Carlyn Ferrari, PhD
PhD, African and African American Studies
Assistant Professor
Email: cferrari@seattleu.edu
Phone: 206-296-5420
Building/Room: Casey 510-18
Carlyn Ferrari CV (PDF)
Biography
I am a San Francisco Bay Area native, and I began my career in higher education working as an academic success counselor mentoring first-generation and underrepresented students. I received my Ph.D. in Afro-American Studies from the W.E.B. Du Bois Department of Afro-American Studies at the University of Massachusetts Amherst where I was awarded the Esther Terry Award for the Distinguished Doctoral Dissertation in Afro-American Studies (2018). I also earned graduate certificates in Advanced Feminist Studies and African Diaspora Studies.

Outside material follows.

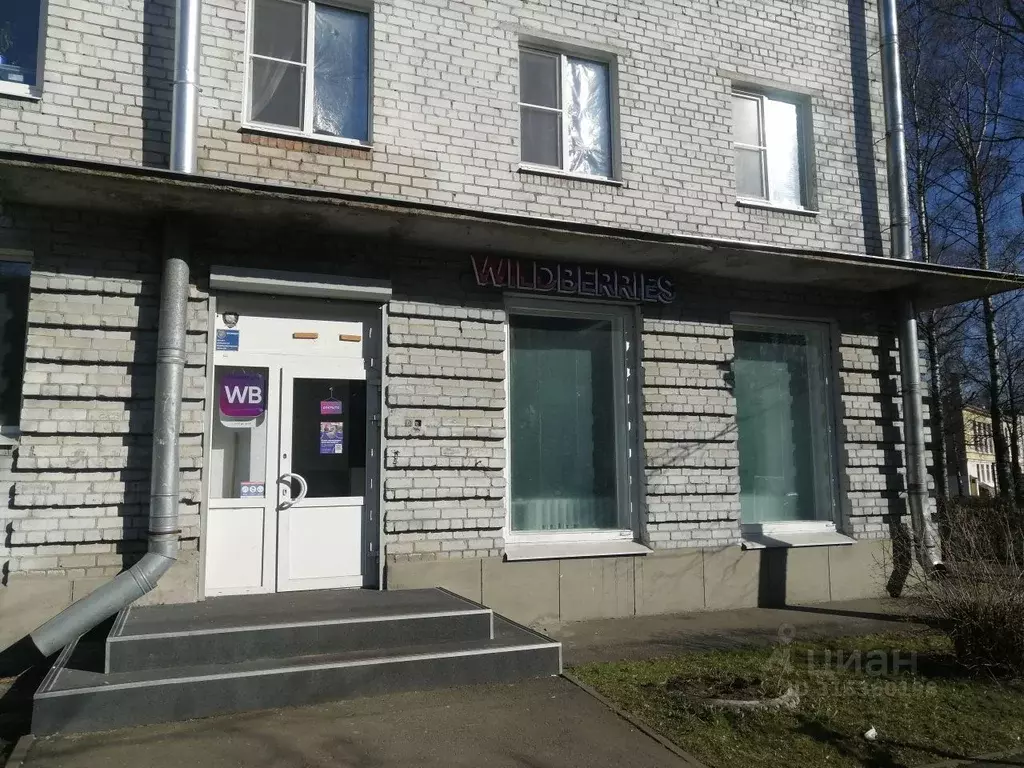 Торговая площадь в Санкт-Петербург, Санкт-Петербург, Павловск ... - Фото 2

The courses I teach reflect my interdisciplinary training in the fields of history and women, gender and sexuality studies. I specialize in twentieth-century African American literature and culture with a particular interest in Black women’s literary studies. In my research, I explore the intersection between Black feminist thought and literary ecocriticism. For me, Black women’s literary studies is more than an academic endeavor or scholarship. Black women writers have saved, affirmed, and sustained me. They have given my life meaning, and they remind me to care for myself daily. In my research, I am interested in how Black women theorize the natural world, so I explore the relationship between Black feminist thought and literary ecocriticism. My book about poet and civil rights activist Anne Spencer entitled Do Not Separate Her from Her Garden will be published by the University of Virginia Press in fall 2022. My scholarship has been supported by the Institute for Citizens and Scholars Career Enhancement Fellowship, the William A. Elwood Fellowship in Civil Rights and African-American Studies at the University of Virginia, the Joyce Avrech Berkman Endowed Fund for Outstanding Feminist Scholarship, and the W. E. B. Du Bois Center Post-Doctoral Fellowship at the University of Massachusetts Amherst. Outside of academia, I live for Janet Jackson and Prince, so you can find me lost in thought meditating on the poetics of Rhythm Nation and Paisley Park.